Question

Without using trigonometric tables, evaluate the following:
\[2\left( {\dfrac{{\cos {{58}^0}}}{{\sin {{32}^0}}}} \right) - \sqrt 3 \left( {\dfrac{{\cos {{38}^0}\cos ec{{52}^0}}}{{\tan {{15}^0}\tan {{60}^0}\tan {{75}^0}}}} \right).\]

Answer 1

Hint: To attempt this question remember the trigonometric identities and remember to use $\tan ({90^0} - \theta ) = \cot \theta $ and $\cos ({90^0} - \theta ) = \sin \theta $in the equation then apply the identities like $\sin \theta = \dfrac{1}{{\cos ec\theta }}$and $\tan \theta = \dfrac{1}{{\cot \theta }}$, use this information to approach the solution.

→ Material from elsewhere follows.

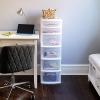 imageHOMZ 2Pack Drawer Tower 5Tier Clear Plastic Storage Organizer Unit Black Frame  MultiPurpose Container Drawers for Bedroom Bathroom and Office OrganizationWhite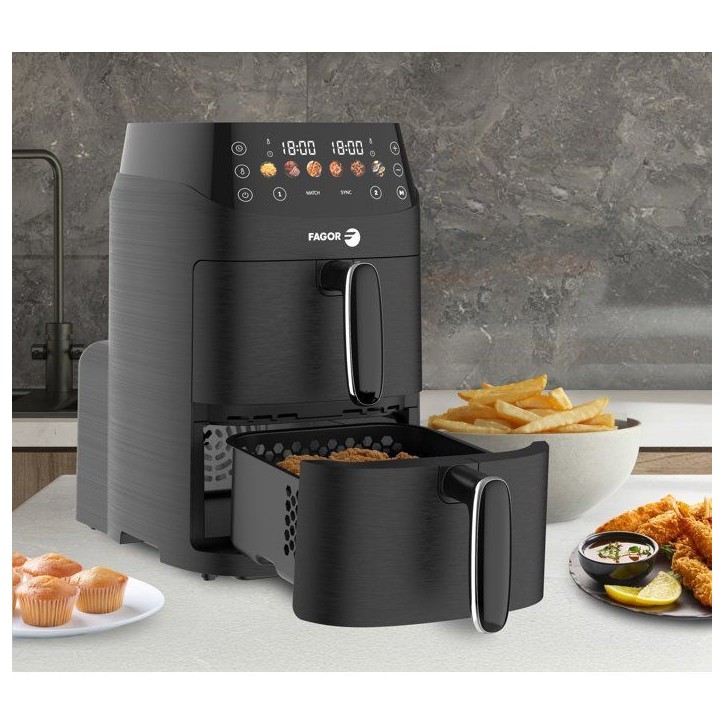 Friteuse sans huile - FAGOR - FG3301 - Capacité 5 L - Double cuves 2,5 L - 6 programmes - 2000 W Friteuse sans huile - FAGOR - FG3301 - Capacité 5 L - Double cuves 2,5 L - 6 programmes - 2000 W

Complete step-by-step answer:
According to the given information we have the function \[2\left( {\dfrac{{\cos {{58}^0}}}{{\sin {{32}^0}}}} \right) - \sqrt 3 \left( {\dfrac{{\cos {{38}^0}\cos ec{{52}^0}}}{{\tan {{15}^0}\tan {{60}^0}\tan {{75}^0}}}} \right).\]
Let us assume that
$I = 2\left( {\dfrac{{\cos {{58}^0}}}{{\sin {{32}^0}}}} \right) - \sqrt 3 \left( {\dfrac{{\cos {{38}^0}\cos ec{{52}^0}}}{{\tan {{15}^0}\tan {{60}^0}\tan {{75}^0}}}} \right)$ (equation 1)
Since we know that $\tan ({90^0} - \theta ) = \cot \theta $ and $\cos ({90^0} - \theta ) = \sin \theta $
Using this in the above equation we get
$2\left( {\dfrac{{\cos ({{90}^0} - {{32}^0})}}{{\sin {{32}^0}}}} \right) - \sqrt 3 \left( {\dfrac{{\cos ({{90}^0} - {{52}^0})\cos ec{{52}^0}}}{{\tan {{15}^0}\tan {{60}^0}\tan ({{90}^0} - {{15}^0})}}} \right)$
$ \Rightarrow $$2\left( {\dfrac{{\sin {{32}^0})}}{{\sin {{32}^0}}}} \right) - \sqrt 3 \left( {\dfrac{{\sin {{52}^0}\cos ec{{52}^0}}}{{\tan {{15}^0} \times \sqrt 3 \times \cot {{15}^0}}}} \right)$
Now, we know that $\sin \theta = \dfrac{1}{{\cos ec\theta }}$ or $\sin \theta \cos ec\theta = 1$
We also know that,$\tan \theta = \dfrac{1}{{\cot \theta }}$ or $\tan \theta \cot \theta = 1$
Using these identities in the equation 1 we get
$I = 2(1) - \sqrt 3 \left( {\dfrac{1}{{\sqrt 3 }}} \right)$
$ \Rightarrow $$I = 2 - 1 = 1$
Therefore, the value of given function i.e. $2\left( {\dfrac{{\cos {{58}^0}}}{{\sin {{32}^0}}}} \right) - \sqrt 3 \left( {\dfrac{{\cos {{38}^0}\cos ec{{52}^0}}}{{\tan {{15}^0}\tan {{60}^0}\tan {{75}^0}}}} \right) = 1$
So, this is the required answer.

Note: In the above solution we used the trigonometric identities which are the expressions which involve trigonometric functions where the term “function” can be explained as relation between the provided inputs and the outputs of the given inputs such that each input is directly related to the one output. The representation of a function is given by supposing if there is a function “f” that belongs from X to Y then the function is represented by $f:X \to Y$ examples of function are one-one functions, onto functions, bijective functions, trigonometric function, binary function, etc.